▸ Data provided
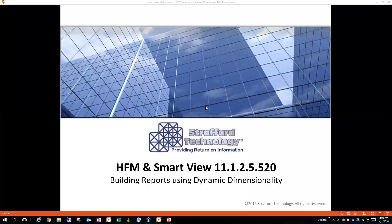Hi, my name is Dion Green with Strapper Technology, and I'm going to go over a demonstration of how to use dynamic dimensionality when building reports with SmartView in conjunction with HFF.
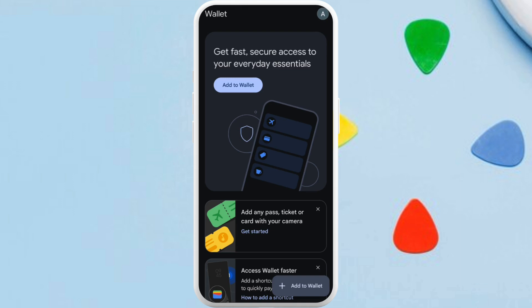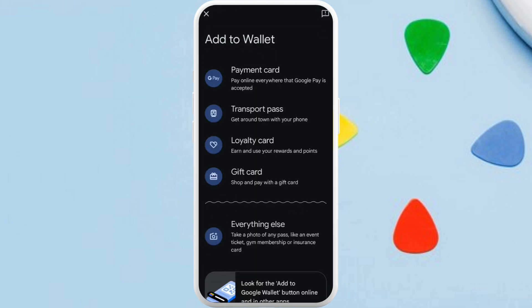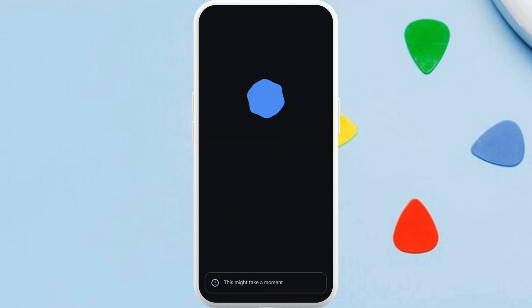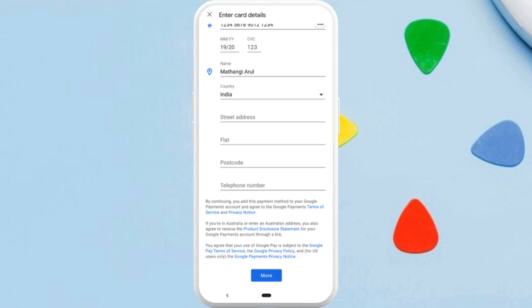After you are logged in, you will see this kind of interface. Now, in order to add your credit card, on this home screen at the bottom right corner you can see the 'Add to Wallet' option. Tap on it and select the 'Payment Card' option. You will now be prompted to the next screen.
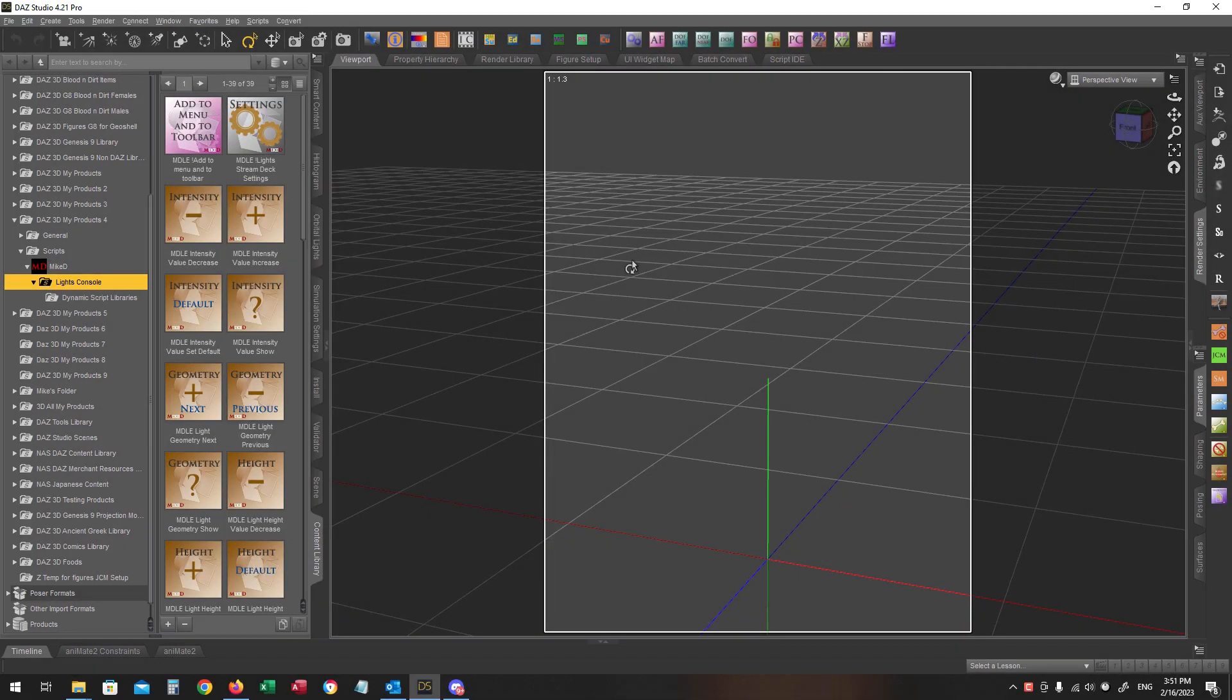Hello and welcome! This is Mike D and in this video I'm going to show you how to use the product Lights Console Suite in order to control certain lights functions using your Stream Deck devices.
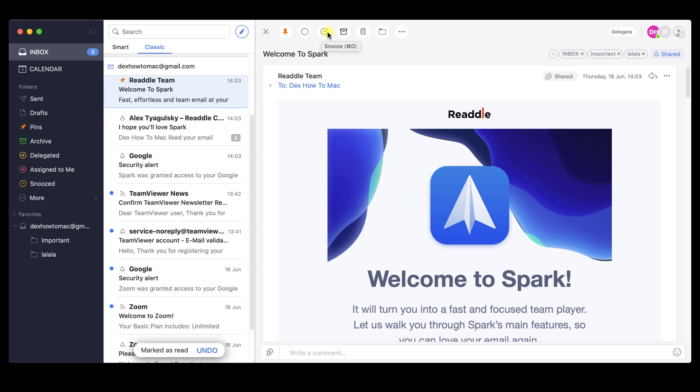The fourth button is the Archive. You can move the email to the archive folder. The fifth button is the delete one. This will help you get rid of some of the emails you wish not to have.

▸ Work order
Everything from the line that contains "Hello and welcome!" through the final line of the material should be returned exactly, except the pictures.

▸ Solution to the exercise
Hello and welcome! This is Mike D and in this video I'm going to show you how to use the product Lights Console Suite in order to control certain lights functions using your Stream Deck devices.
The fourth button is the Archive. You can move the email to the archive folder. The fifth button is the delete one. This will help you get rid of some of the emails you wish not to have.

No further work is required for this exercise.